We woke up to a cloudy, windless day. Light fog mixed with light snow made a completely gray, flat, featureless landscape most of the day. Early in the afternoon, a light wind came up, adding to the dreariness of the day. At 11 am our coordinates were 88o35' N by 3o34' E.

Scientists at Work

A polar bear can ruin your whole day. After breakfast this morning, Mike Jenson walked his balloon out from its hangar on the helideck to his huts on the ice and the meteorological guys walked out to the Main Mast to work. The polar bear reconnaissance skiers had just left on their rounds. Apparently, they skied around the sleeping bear before they were aware of its presence. Finding themselves with a polar bear between them and the ship, they tried to sneak past it to return to the ship but ended up waking it up. This was the same big bear that had visited us yesterday. I guess it hadn't wandered off, but just had found a comfy snow hollow to sleep in. Shortly after we returned from scouting, our visiting bear, awake and refreshed, was walking around again and the call went out that the scientists had to come back in. Mike didn't want to leave his balloon tethered to the winch out at the ice camp because it might be extremely interesting to a bear, so he walked it back in and put it back in its hangar. The meteorological crew was recalled, too, so everybody ended up back on the ship. The expedition leaders are being very careful to ensure the safety of everyone onboard as well as the safety of the Arctic wildlife.

About 1 pm, we heard that the bear was coming closer to the ship so everybody went out on the decks to watch. The bear was on the opposite side of the ship from the ice camps and it made a really big, lazy circle around the back end of the ship and meandered towards the ice camps with all of their equipment. I was taking a video out on Deck 4 when the ship suddenly blew the REALLY LOUD foghorn to try to scare the bear away. Yikes! The bear started running and I almost did, too. It only ran a few paces then turned again to check out all of that interesting equipment. At this point, the helicopter team went into action and they were flying within a few minutes.

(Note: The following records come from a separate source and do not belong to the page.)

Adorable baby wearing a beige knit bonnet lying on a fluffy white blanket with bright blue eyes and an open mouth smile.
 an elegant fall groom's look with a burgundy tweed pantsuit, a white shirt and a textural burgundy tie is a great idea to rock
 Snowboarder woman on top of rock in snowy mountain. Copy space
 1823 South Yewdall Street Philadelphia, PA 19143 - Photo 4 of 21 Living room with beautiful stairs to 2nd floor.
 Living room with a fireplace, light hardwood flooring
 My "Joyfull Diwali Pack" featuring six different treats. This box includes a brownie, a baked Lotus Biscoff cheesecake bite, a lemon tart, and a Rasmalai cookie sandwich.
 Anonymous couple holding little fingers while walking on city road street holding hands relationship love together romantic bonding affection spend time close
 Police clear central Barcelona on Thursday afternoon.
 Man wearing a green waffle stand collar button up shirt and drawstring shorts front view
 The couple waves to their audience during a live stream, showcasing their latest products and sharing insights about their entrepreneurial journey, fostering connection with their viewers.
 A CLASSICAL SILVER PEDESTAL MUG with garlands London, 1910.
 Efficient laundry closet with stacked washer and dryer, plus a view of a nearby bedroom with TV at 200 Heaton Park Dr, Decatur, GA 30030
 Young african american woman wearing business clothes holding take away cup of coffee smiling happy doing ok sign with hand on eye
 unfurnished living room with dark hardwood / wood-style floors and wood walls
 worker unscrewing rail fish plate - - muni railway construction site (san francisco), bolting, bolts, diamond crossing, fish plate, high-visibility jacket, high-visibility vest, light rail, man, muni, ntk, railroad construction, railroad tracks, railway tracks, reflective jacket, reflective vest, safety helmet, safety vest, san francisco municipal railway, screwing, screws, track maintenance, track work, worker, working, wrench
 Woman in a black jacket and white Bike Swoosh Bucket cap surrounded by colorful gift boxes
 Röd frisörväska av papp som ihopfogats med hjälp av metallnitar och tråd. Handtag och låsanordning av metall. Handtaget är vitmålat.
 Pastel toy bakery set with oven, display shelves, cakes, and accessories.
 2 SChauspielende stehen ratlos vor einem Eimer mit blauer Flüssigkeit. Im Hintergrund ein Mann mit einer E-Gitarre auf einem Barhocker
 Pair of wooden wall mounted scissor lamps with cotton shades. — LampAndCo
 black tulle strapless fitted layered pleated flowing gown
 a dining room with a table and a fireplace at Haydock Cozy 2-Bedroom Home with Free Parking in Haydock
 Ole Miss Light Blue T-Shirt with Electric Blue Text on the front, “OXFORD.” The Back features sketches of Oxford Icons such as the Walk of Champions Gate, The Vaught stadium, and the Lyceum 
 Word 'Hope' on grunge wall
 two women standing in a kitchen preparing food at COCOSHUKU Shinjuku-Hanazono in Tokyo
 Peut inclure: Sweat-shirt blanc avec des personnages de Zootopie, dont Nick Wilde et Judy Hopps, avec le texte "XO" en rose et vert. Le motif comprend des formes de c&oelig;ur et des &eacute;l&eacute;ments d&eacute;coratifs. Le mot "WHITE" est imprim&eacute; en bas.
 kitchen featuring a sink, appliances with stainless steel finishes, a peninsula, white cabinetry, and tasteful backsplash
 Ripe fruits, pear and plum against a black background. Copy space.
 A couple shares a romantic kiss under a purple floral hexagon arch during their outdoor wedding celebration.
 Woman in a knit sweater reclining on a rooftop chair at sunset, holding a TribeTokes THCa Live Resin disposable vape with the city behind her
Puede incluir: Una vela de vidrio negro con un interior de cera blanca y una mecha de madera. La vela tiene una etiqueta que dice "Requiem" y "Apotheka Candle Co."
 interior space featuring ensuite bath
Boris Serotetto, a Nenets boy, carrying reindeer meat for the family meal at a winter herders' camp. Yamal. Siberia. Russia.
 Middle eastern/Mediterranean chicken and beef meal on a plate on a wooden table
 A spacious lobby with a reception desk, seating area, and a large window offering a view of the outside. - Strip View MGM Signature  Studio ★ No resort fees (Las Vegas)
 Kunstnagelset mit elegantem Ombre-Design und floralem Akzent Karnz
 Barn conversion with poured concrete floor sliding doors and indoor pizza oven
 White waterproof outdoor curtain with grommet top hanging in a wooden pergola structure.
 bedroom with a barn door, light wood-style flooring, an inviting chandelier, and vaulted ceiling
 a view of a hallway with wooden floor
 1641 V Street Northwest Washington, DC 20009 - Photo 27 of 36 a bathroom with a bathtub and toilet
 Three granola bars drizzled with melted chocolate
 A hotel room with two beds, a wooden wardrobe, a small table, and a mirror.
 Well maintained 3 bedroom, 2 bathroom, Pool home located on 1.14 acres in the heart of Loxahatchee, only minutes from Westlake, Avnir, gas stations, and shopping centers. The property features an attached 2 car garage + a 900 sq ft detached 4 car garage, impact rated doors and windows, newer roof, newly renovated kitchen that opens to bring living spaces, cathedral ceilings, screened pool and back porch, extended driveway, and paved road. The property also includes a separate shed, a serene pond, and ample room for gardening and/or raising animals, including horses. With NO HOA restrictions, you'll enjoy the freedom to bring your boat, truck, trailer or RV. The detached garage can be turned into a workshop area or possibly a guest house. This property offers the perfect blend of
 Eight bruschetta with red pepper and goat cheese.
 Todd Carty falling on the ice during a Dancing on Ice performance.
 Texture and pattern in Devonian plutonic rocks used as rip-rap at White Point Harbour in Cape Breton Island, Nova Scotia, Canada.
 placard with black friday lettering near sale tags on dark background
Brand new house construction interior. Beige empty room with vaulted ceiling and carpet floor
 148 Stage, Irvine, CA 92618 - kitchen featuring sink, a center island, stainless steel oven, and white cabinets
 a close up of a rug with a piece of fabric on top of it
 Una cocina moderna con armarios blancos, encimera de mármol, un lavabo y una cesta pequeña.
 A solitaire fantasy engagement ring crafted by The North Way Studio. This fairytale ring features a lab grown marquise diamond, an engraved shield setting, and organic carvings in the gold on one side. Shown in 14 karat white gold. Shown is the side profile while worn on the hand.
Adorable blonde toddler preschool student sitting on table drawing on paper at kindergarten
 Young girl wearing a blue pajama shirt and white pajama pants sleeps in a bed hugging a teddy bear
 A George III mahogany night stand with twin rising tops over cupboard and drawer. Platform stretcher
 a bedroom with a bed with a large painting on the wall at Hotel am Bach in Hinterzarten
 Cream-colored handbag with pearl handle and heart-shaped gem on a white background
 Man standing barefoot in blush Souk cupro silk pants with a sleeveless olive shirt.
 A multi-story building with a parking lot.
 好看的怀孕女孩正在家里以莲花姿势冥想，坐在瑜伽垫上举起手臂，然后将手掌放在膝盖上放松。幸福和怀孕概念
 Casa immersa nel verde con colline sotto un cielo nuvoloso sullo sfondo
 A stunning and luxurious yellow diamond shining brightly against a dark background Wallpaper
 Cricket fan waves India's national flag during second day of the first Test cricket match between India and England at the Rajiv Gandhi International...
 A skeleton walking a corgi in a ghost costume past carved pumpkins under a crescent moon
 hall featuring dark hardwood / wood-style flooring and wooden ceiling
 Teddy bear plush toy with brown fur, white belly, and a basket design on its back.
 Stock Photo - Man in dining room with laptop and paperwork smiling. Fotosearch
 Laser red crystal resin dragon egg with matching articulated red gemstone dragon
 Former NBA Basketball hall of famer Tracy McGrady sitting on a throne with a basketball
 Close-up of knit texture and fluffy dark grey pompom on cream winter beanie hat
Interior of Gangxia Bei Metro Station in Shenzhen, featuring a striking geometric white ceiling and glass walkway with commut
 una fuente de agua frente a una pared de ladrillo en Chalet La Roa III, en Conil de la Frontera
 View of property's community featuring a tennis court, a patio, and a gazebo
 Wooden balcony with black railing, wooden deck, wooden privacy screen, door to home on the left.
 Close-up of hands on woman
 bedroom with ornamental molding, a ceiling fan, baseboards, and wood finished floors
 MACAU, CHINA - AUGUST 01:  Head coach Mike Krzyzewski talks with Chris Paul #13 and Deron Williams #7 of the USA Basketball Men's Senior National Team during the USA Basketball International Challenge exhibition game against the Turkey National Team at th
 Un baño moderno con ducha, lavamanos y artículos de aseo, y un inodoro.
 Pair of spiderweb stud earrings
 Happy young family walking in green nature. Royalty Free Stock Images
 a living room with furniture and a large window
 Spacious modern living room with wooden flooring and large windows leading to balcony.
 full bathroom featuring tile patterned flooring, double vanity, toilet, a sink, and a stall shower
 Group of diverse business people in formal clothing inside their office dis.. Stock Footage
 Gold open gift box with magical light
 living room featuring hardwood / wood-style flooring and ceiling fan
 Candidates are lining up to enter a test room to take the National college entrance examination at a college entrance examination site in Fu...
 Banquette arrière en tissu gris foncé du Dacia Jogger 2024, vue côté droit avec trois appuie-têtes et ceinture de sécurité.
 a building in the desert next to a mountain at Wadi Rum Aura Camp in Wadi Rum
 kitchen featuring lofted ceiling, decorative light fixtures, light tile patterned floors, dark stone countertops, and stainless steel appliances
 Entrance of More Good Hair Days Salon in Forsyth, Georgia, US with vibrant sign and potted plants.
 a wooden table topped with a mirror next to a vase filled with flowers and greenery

After the helicopter helped the bear decide to find another place to hang out, they were allowing scientists back on the ice with the warning that they might have to leave their equipment if it comes back into the area (Our security team said it is a really slow bear so they would have plenty of warning). Johan Knulst (Sweden), Jussi Paatero (Finland), Brian Thompson (U.S.), and I (U.S.) loaded up the snowmobiles with both surface sampling boats and had the security team take us out to an open lead about a kilometer away. We ran both boats for a couple of hours, collecting surface layer samples automatically in bottles on each boat as they skim the surface of the water. Unfortunately, when Johan was lifting the small boat out of the water, its full sample bottle hit the edge of the ice and slipped out of the holder, falling 4 kilometers to the bottom of the Arctic Ocean. The hazards of science in the Arctic!

Vi ses! (See you later!)

From Deck 4 on the Icebreaker Oden, drifting far away,

Dena Rosenberger

Paty Matrai taking a seawater sample from the Go-Flow bottle on the aft deck.

That's me at the surface sampler controls while Brian Thompson looks on. We have to wear life jackets whenever working near an ice edge. It looks like we are just standing by a river but it is actually 4 kilometers deep (about two and a half miles).